How the F**k Did Sweeney Todd Win Best Picture?
Up until now, I’ve stayed quiet on the Golden Globes. Yes, the reason is partially that I’ve been too busy to do a blog post, but after the winners were announced in a press conference earlier in the week, I had to chime in. How in God’s name did Sweeney Todd win Best Musical or Comedy at the Golden Globes?
Sweeney Todd, directed by Tim Burton and starring Johnny Depp, is a f**k up in more ways than one. The production values are pretty good, but the movie is boring and features some of the worst music to ever grace musicals. The songs are literally brain numbing, and when sung by the likes of Helena Bonham Carter (who was somehow nominated for Best Actress for her role) and several other actors who just weren’t made for musicals, the film just sucked. Two of my buddies spent most of the time laughing at how bad it was, and even my brother, who I thought might like the film, didn’t find much to be entertained by. My movie review is less than friendly.
All four of the other movies nominated in the category are so much better. Hairspray isn’t anything spectacular, but Charlie Wilson’s War and Across the Universe are both a step above much of the landscape. Juno is simply terrific, and a legitimate (albeit unlikely) contender for Oscar Gold.
I’ve never been a huge fan of the Golden Globes. I never understood the point of them. They’re like the Oscars, only not as prestigious and not as meaningful, and they often have a few off-the-wall surprises like Sweeney Todd that just plain out suck. It’s hard to take the Golden Globes too seriously, and they’re pretty much like Spring Training to the MLB or Pre-Season for the NFL. In other words, they’re meaningless.
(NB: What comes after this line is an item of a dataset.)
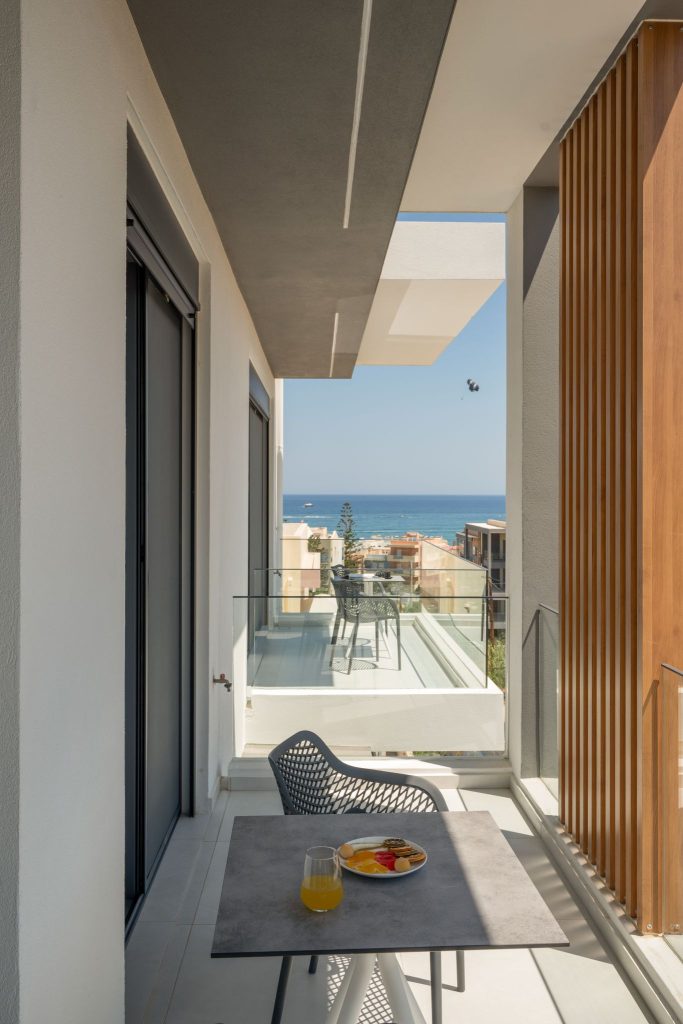 A balcony with a breakfast table, timber louvres and a sea view.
While I’m on my rant about the Golden Globes, I’ve always hated the Best Musical or Comedy category. I do realize that comedies often get screwed when it comes to year-end awards (though since Shakespeare in Love, not nearly so much), but the Best Musical or Comedy category often serves as a means to provide non-deserving films a chance at an award (come on, did anyone really think that Dreamgirls was that good of a movie?). Thinking of Dreamgirls, the category tends to favor dramas that happen to have music in them. As Chicago proved, musicals can compete with dramas in the main event, so why should musical dramas (Walk the Line, Ray, Dreamgirls and so on and so forth) get placed in a separate category, which only serves to neglect the real point of the category: to benefit comedies.
And furthermore, do you realize that the Golden Globes nominated 12 movies for best picture this year? 12 movies! For some reason, they nominated seven movies for Best Drama, and another five for Best Musical or Comedy. That means that twelve different movies get to market that they were nominated for Best Picture at the Golden Globes. What bullsh*t.
At least Atonement and Daniel Day-Lewis won for Best Drama and Best Actor respectively.